# EXCERPTED DATA:
■ ■ ■
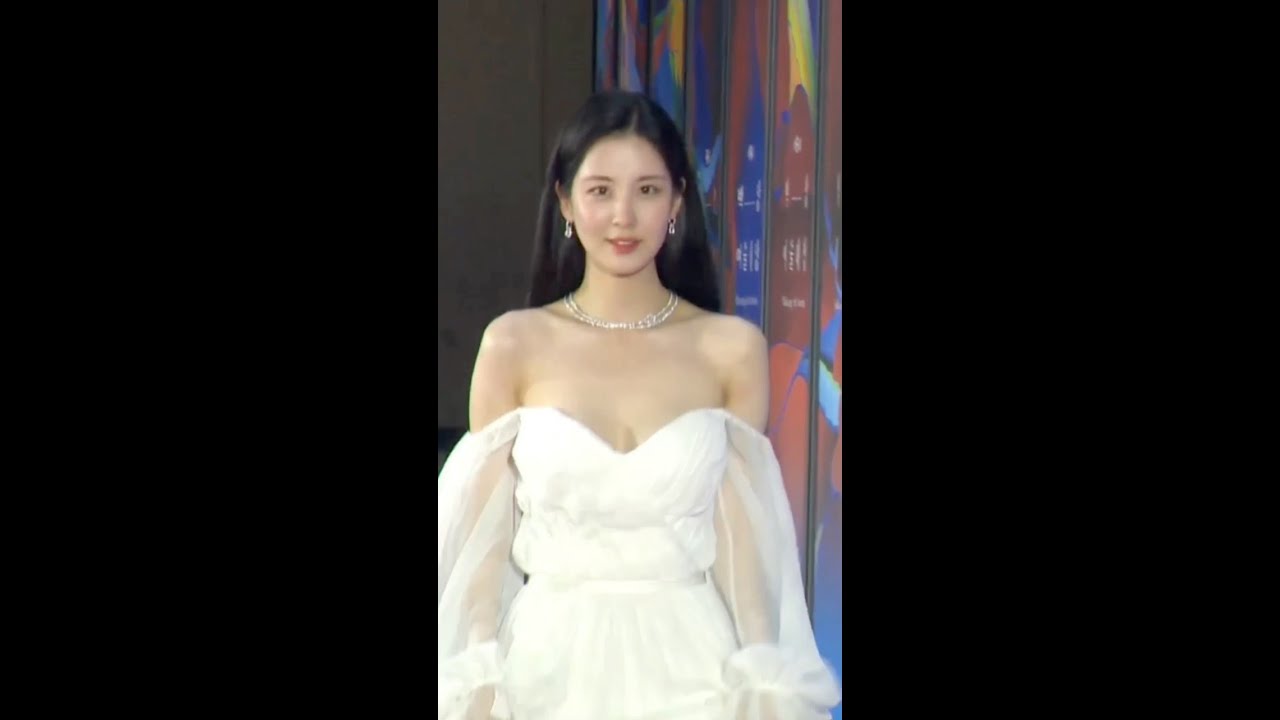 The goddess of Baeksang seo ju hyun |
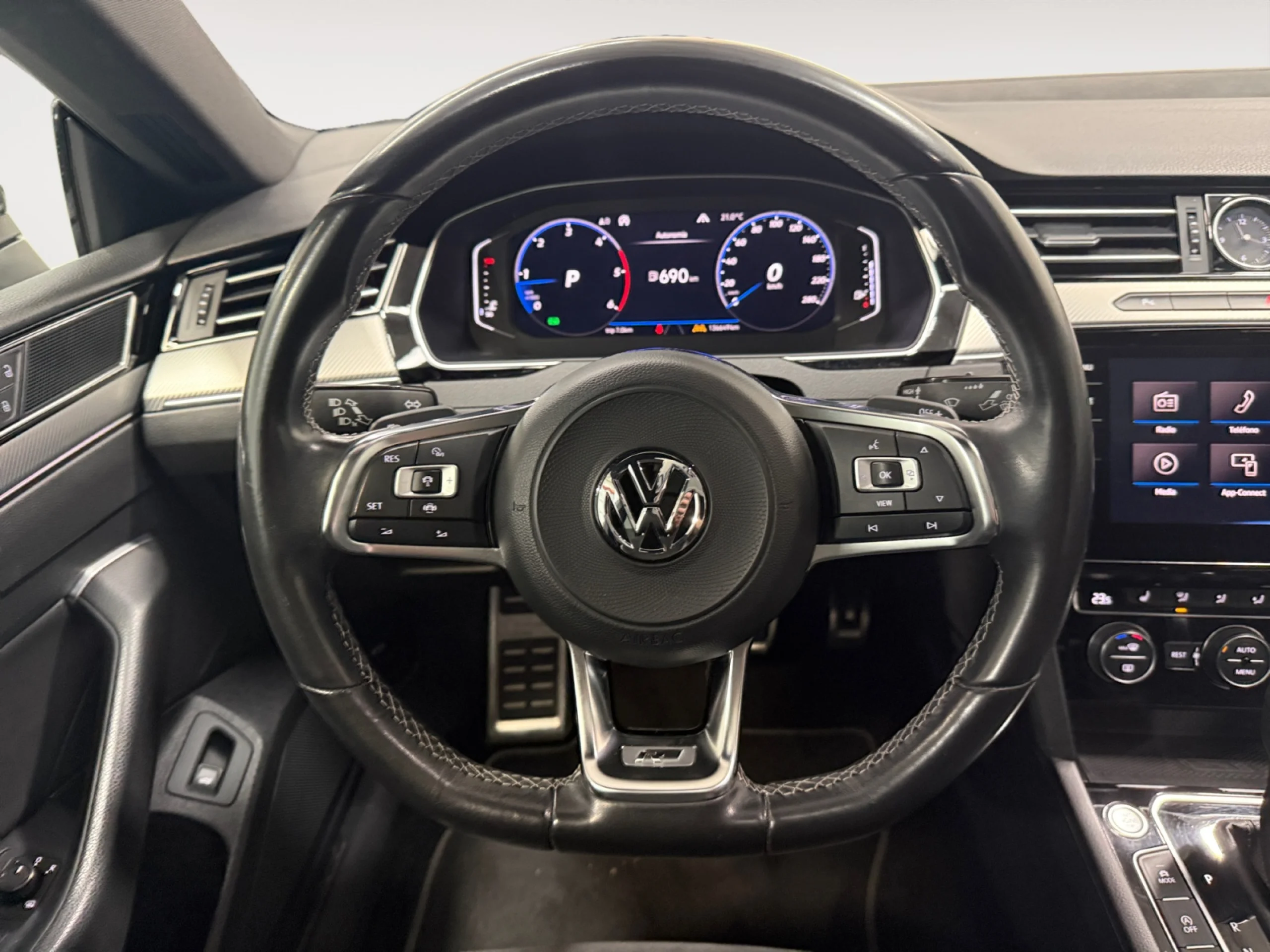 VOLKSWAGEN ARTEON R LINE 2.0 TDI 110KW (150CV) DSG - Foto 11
■ ■ ■
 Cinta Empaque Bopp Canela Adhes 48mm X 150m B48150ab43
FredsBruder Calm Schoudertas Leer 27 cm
■ ■ ■
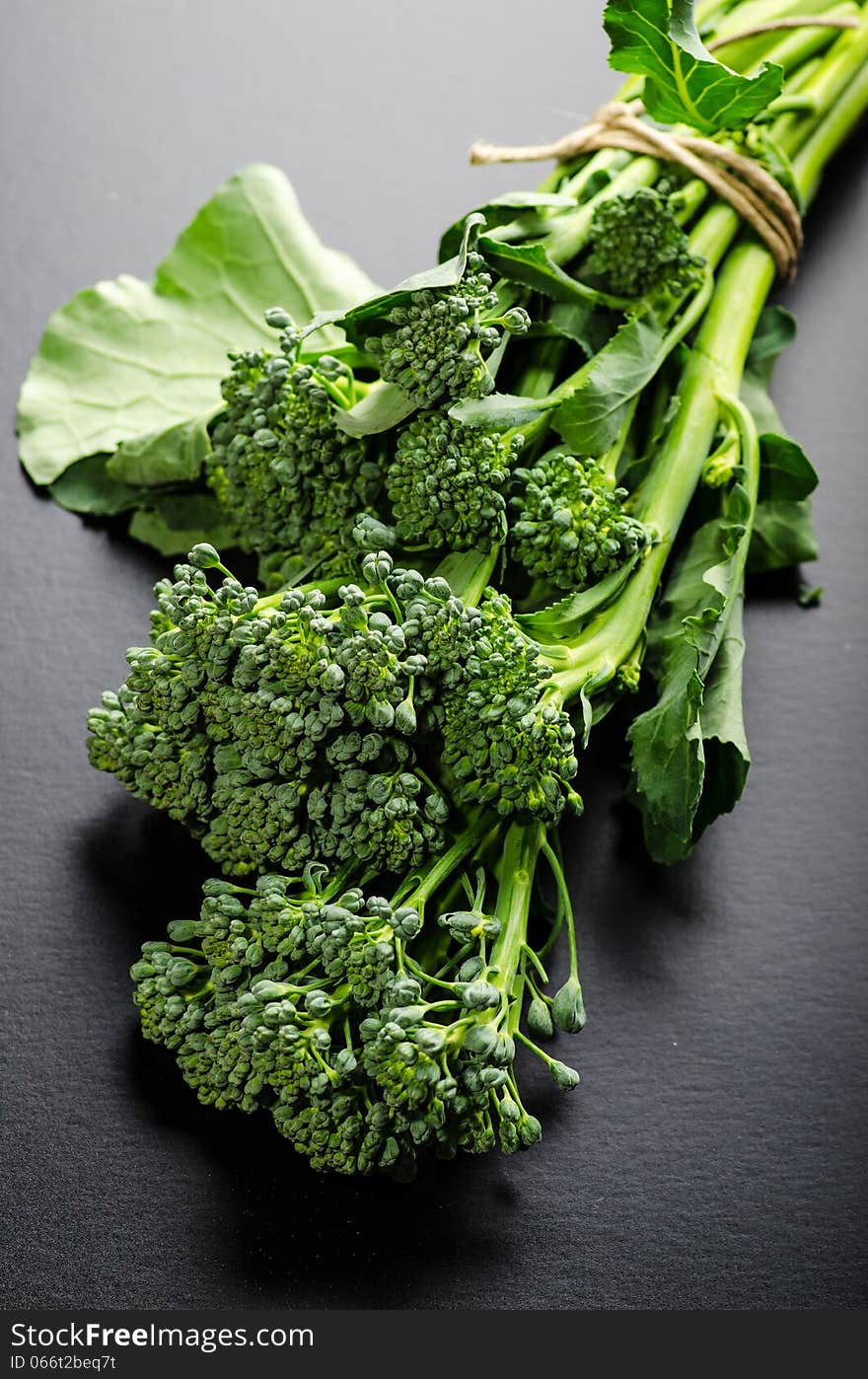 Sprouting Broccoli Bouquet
■ ■ ■
# PROBLEM STATEMENT:
Look above for the line with "The goddess of Baeksang seo ju hyun |" and the line with "VOLKSWAGEN ARTEON R". Output those two and everything between them exactly, pictures excluded.

# RESPONSE:
 The goddess of Baeksang seo ju hyun |
 VOLKSWAGEN ARTEON R LINE 2.0 TDI 110KW (150CV) DSG - Foto 11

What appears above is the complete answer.